YOUR OBJECTIVE: Under this line are records; the part from the line containing "Как щёкинские добровольцы" through the line containing "Royal Enfield/STANDRED" should be repeated exactly. Please exclude pictures.

DATA TO USE:

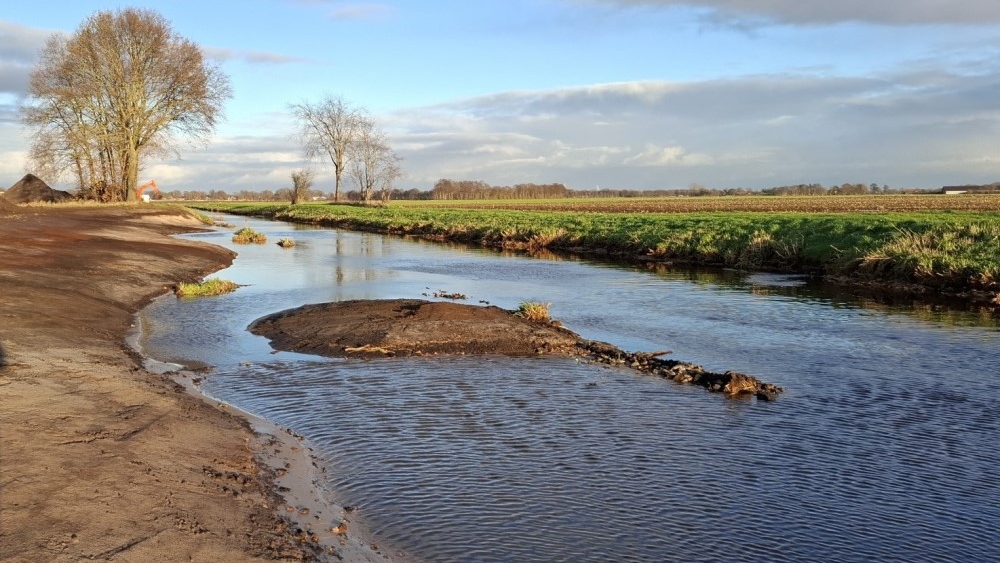 De werkzaamheden bij het Schoonebeekerdiep liggen op schema. Van de geplande 8,5 kilometer is er inmiddels bijna 3 kilometer natuurvriendelijke oever afgegraven.
vechtstromen.nl/projecten/actu…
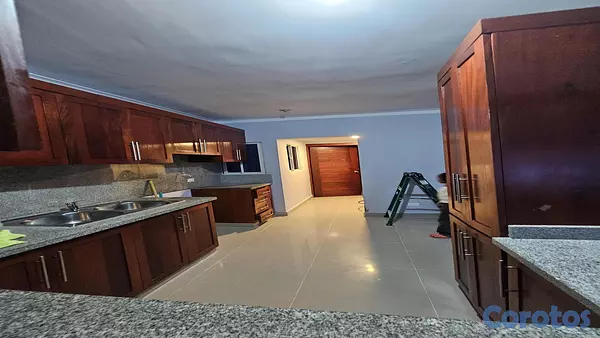 apartamentos - ALQUILO APARTAMENTO EN VILLA AURA SEGUNDO NIVEL CON TERRAZA 2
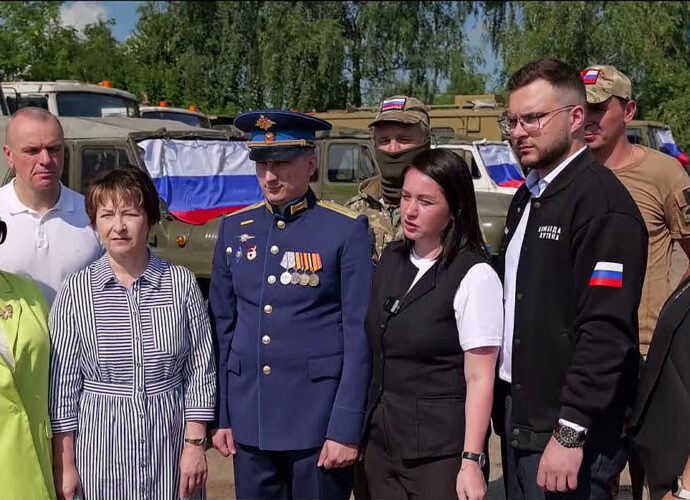 Как щёкинские добровольцы помогают нашим военным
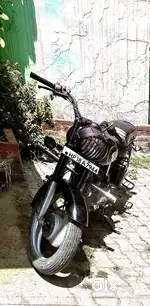 Royal Enfield/STANDRED
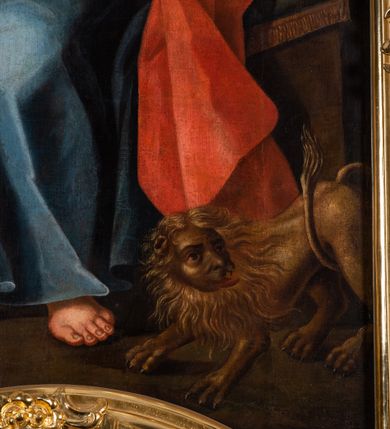 Zdjęcie nr 3: Ołtarz drewniany, prostopadłościenny z kamienną mensą, z kamiennym portatylem. Antependium z prostokątną płyciną ujętą marmoryzowaną ramą ze złoconym karbowanym profilem. W polu medalion w formie stojącego owalu z przedstawieniem zakonnika z dzieciątkiem, flankowany akantową wicią akantową przeplataną z roślinną, na jasnoniebieskim tle. Nastawa ołtarzowa architektoniczna, jednoosiowa, jednokondygnacyjna ze zwieńczeniem na dwustrefowym cokole.  Retabulum flankowane parą opilastrowanych filarów, które dźwigają imposty oraz fragmenty przerwanego półkolistego przyczółka z siedzącymi puttami. Na tle filarów, na konsolach ustawione 2 figury papieża i biskupa. Trzony pilastrów dekorowane zwisami kwiatowymi. W Polu środkowym wnęka w formie stojącego prostokąta zamkniętego łukiem segmentowym nadwieszonego z uskokiem ujęta profilowaną ramą, dekorowaną ornamentem roślinnym, z obrazem świętego Marka. Wnęka od dołu i góry flankowana ornamentem roślinnym i roccailem. Kondygnacja flankowana uszami utworzonymi z roccailu. Zwieńczenie w formie zbliżonej do trapezu o wklęsłych bokach zamknięte fragmentem gzymsu, wyłamanego na kształt łuku segmentowego nadwieszonego, z kartuszem z ornamentem roccailowym. W polu gorejące serce w otoku z obłoków i uskrzydlonych główek anielskich, w glorii promienistej.  Struktura polichromowana w sposób imitujący marmoryzację w kolorze beżowo-zielonym. Ornamentyka i profile złocone, detal i zwieńczenie srebrzone.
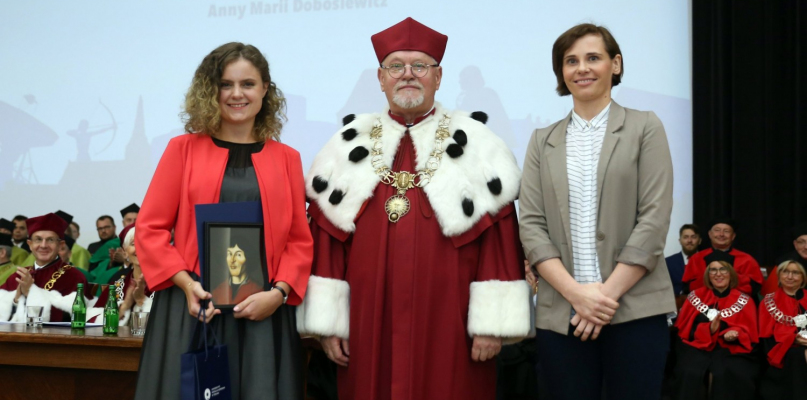 Anna Maria Dobosiewicz z nagrodą obok rektora UMK, prof. dr. hab. Andrzeja Tretyna. Fot. Andrzej Romański (UMK)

EXERCISE ANSWER:
 Как щёкинские добровольцы помогают нашим военным
 Royal Enfield/STANDRED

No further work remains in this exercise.